Texte de Gaston Couté (1910). Sur l’air « Minuit Chrétien, c’est l’heure solennelle ».


Minuit, bourgeois, c’est la fin de la grève,
Et l’homm’-poisson de la place Beauvau
S’en est venu chasser les mauvais rêves
Qui d’puis quéqu’ temps chahutai’nt vot’ cerveau.
Les militants gis’nt au fond de ses geôles,
Sous le collier rentrent les travailleurs,
Allons, bourgeois, remercier le drôle
Briand ! Briand !
Voilà votre Sauveur !
 
Ancien apôtr’ de la grèv’ générale :
C’est grâce à lui que vous pourrez encor
Pour quelque temps caresser d’vos mains sales
L’or entassé dedans vos coffres-forts
Allez, bourgeois, saluer votre maître
Et cavalez bien vite à l’Intérieur
Porter l’encens et la myrrhe à ce traître
Briand ! Briand !
C’est lui votre Sauveur !
 
Allons, bourgeois bégueules et sévères,
Fait’s pas d’chichis : il est pour vous grand temps
De pardonner l’histoir’ de Saint-Nazaire :
Ouvrez-lui donc la porte à deux battants !

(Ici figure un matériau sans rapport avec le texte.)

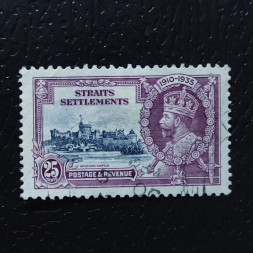 Briefmarke Straits Settlements, SG259 (Mi. 191)#, 25 c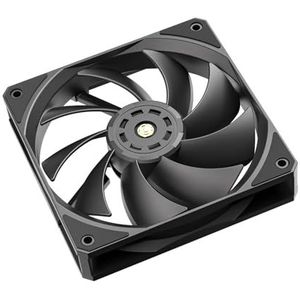 PC-ventilator met powerdrag, 120 mm FDB-lagers, geluidsarme PWM-toerentalregeling, 12 V 73,6 CFM computerbehuizing ventilator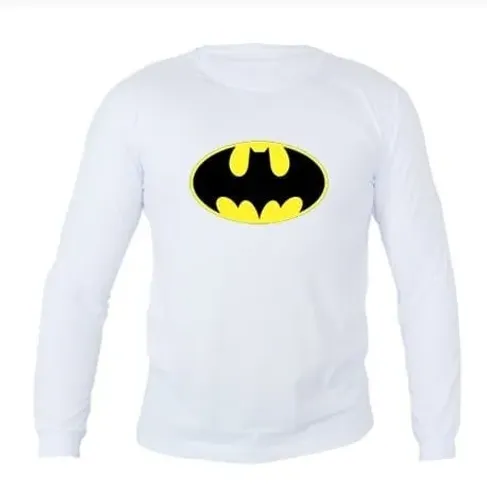 camisa mang longa branca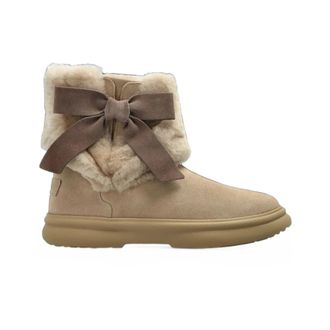 UGG Apr&egrave;s City Boot - Dames - Schoenen - Beige - Maat: 37 EU Su&egrave;de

Recevez-le au sein de vos familles
Et, pour lui faire encore plus d’honneur
Mariez-le avec toutes vos filles.
Briand ! Briand !
C’est lui votre Sauveur !
 
Pourtant, bourgeois, si c’est fini la grève !

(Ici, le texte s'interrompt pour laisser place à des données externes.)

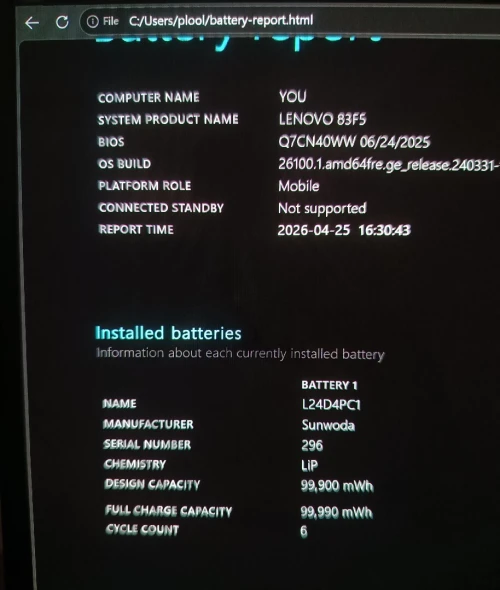 LENOVO LEGION 7 PRO 2025/ULTRA 9-275HX/RAM 32GB/ 2TB /NVIDIA RTX 5080 16GB/ECRAN 16 OLED 2K 240HZ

Chantez votre triomph’ modestement
Car, de cett’ lutte où l’exploité se lève
Vous ne voyez que le commencement.
Comme on reçoit’ toujours ce que l’on sème
Il se pourrait, ma foi ! que tout à l’heur’
Il n’arriv’ pas à se sauver lui-même,
Briand ! Briand !
Il est frais le Sauveur !

« Chanson satirique d’actualité » parue dans La Guerre sociale (1906-1915), 4e année, nº 45 (19-25 oct. 1910).

Place beauvau, siège du ministère de l’Intérieur ;
Aristide Briand (1862-1932), président du conseil des ministres.